State Sen. Gerald Cardinale on Monday said it was still possible for Republicans to take a countywide victory in an increasingly-blue Bergen, but claimed Bergen County Democratic Chairman Lou Stellato was retaliating against Republican donors and volunteers in the county.
Cardinale said Stellato, who flatly denied the allegations, had continued a practice the senator said was first employed by former Bergen County Democratic Chairman Joe Ferriero, who led the party from 1998 to 2009 and was later convicted on corruption and bribery charges in two separate trials, though the U.S. Supreme Court later overturned the convictions in the former case.
“I have no idea what he’s talking about, no idea at all,” Stellato told the New Jersey Globe.
Cardinale said Ferriero would pull contracts of Republican donors unless they agreed to donate a larger sum to Democrats.
Ferriero’s convictions are not related to Cardinale’s accusations, which have never been tried or proven in a court of law.
“Somebody gave $1,000 to my campaign,” Cardinale said. “He would call that person up, and he would say ‘you gave $1,000. You’re an engineer. You’re going to lose this town, this town, this town, but you can make it up. You’ve got to give $4,000 now to me, and I’ll absolve you.’”
Bergen Republicans have seen their representation in the county drop precipitously over the past several years.
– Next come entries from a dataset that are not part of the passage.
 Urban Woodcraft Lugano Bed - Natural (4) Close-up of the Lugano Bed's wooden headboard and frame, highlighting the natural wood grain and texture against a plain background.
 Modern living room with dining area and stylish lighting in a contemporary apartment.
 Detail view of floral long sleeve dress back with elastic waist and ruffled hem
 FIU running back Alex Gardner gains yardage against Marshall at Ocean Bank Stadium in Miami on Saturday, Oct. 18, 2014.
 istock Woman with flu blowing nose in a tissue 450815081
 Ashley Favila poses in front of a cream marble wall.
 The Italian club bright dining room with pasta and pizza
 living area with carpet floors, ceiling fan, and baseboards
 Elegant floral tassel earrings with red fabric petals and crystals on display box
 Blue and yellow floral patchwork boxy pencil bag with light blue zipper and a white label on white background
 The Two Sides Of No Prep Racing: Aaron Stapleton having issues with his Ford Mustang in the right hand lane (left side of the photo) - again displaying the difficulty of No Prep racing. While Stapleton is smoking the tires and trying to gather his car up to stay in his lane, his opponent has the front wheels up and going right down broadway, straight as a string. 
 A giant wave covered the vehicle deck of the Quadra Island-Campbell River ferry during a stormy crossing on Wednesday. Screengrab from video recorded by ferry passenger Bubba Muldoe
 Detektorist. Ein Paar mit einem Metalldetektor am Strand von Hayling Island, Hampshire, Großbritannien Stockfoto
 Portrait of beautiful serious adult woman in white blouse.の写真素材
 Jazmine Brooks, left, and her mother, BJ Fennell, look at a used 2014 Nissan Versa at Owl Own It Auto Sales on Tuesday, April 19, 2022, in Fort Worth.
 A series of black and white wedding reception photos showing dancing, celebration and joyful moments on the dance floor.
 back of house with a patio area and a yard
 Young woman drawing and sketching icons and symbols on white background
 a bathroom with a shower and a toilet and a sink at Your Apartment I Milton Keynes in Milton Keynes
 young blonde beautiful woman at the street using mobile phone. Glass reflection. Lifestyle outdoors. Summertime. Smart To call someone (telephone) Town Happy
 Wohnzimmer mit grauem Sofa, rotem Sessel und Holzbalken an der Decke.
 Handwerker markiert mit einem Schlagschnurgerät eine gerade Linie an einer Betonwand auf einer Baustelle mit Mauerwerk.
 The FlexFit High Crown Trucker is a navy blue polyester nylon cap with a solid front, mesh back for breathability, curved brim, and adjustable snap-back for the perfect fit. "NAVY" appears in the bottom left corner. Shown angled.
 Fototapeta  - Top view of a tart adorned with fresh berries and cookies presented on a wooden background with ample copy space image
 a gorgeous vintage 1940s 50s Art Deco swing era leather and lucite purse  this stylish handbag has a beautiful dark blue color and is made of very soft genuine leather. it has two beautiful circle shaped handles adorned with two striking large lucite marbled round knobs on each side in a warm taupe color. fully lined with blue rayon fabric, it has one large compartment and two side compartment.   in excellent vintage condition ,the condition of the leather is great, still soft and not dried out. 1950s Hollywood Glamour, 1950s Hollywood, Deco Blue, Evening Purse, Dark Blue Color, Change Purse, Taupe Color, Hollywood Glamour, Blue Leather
Democrats control all seven seats of the county’s Freeholder Board, as well as the county executive seat, the clerk’s office. Republicans hold no county-wide offices, though they do control two of the seven legislative districts representing parts of Bergen.
Still, Cardinale thinks his party can claw back the seats taken by Democrats over since the latter party’s takeover started in 2012.
“There’s a pendulum. Believe it or not, back in the 1970’s , we had a similar situation where Democrats were winning everything,” Cardinale said. “We didn’t have any republican freeholders anymore, like now. But remember, only three or four years ago, we had a majority in the field.”
Bergen County now has 89,647 more Democrats than Republicans. Five years ago, the last time Republicans won a countywide race, the registration gap was 59,912. In 2002, when Democrat Dennis McNerney was elected county executive and Ferriero took control of county government, the gap between Democrats and Republicans was just 6,268.